This time I remembered to bring my memory card. I also brought along a spare 2gb backup card I purchased on the spur of the moment. The weather was cooperative (it wasn’t raining). In fact, with late afternoon sun mostly peeking through the clouds it was pretty good.
Note: I started this article a month ago, but I only got around to finishing it May 1. I’ve got to make more time for photography.
I started out in the Inner Harbour. As I arrived in the Songhees I noticed a float plane start up. I grabbed my tripod and bag and hurried over to the water’s edge to catch a couple of planes taking off into the sun. No time for fancy compositions, camera settings, or even the tripod. I just sat on the rocks and braced the camera on my knee.
Then the Victoria Clipper cast off for it’s return trip to Seattle A few grab shots of that also.
I then moved to the other side of this rocky knoll to get some shelter from the wind. I set up my tripod and took some shots of the harbour.
Getting cold, I headed back to the car and a waiting cup of coffee. I cruised on down to Beach drive to see what Ogden Point would look like. It was too early for sunset. I moved on down the road and noticed the glow from the new leaves on this willow tree. I stopped to take a few shots. Repositioning to get various compositions of this tree in combination with sitting benches and some geese.

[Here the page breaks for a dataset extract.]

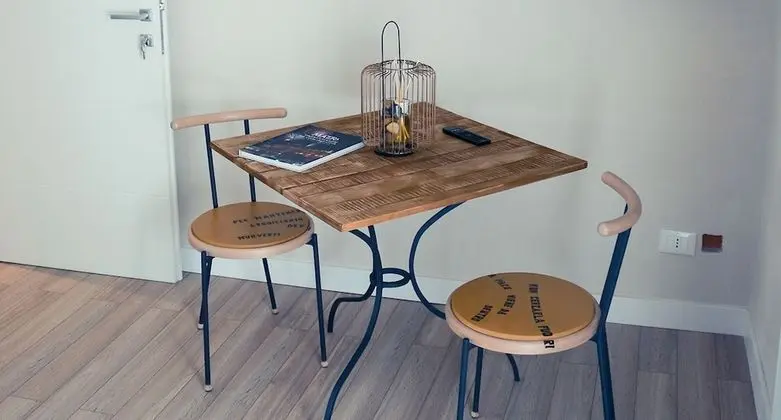 Design Tek Büyük veya İki Ayrı Yataklı Oda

The next day I offloaded the files. Since I had been shooting RAW+L I had 1GB of files to transfer and I was surprised when my Pro 133x Lexar card took 21 minutes to offload them. I was even more surprised when I copied those files to my cheap SanDisk backup card and found it also took 21 minutes to copy. Now I know my desktop’s card reader is SLOW. Fortunately Lexar includes a “free” SD card reader with their pro card, so I tried it out and got a copy time of 1-2 minutes. Nice, but unfortunately, the Lexar card reader doesn’t respond to the SanDisk card.
I have a 12-1 card reader I got for my laptop, I’ll have to try some speed tests on that.
The other thing I noticed right away is how DARK the jpegs were. Afterward I checked my camera and I must have at some point accidently set some exposure compensation. Fortunately all the RAW files looked good and Photoshop Elements 5 had no problem working with them.
I’ll probably just work with RAW in the future, unless I know I’m going to need the jpegs right away.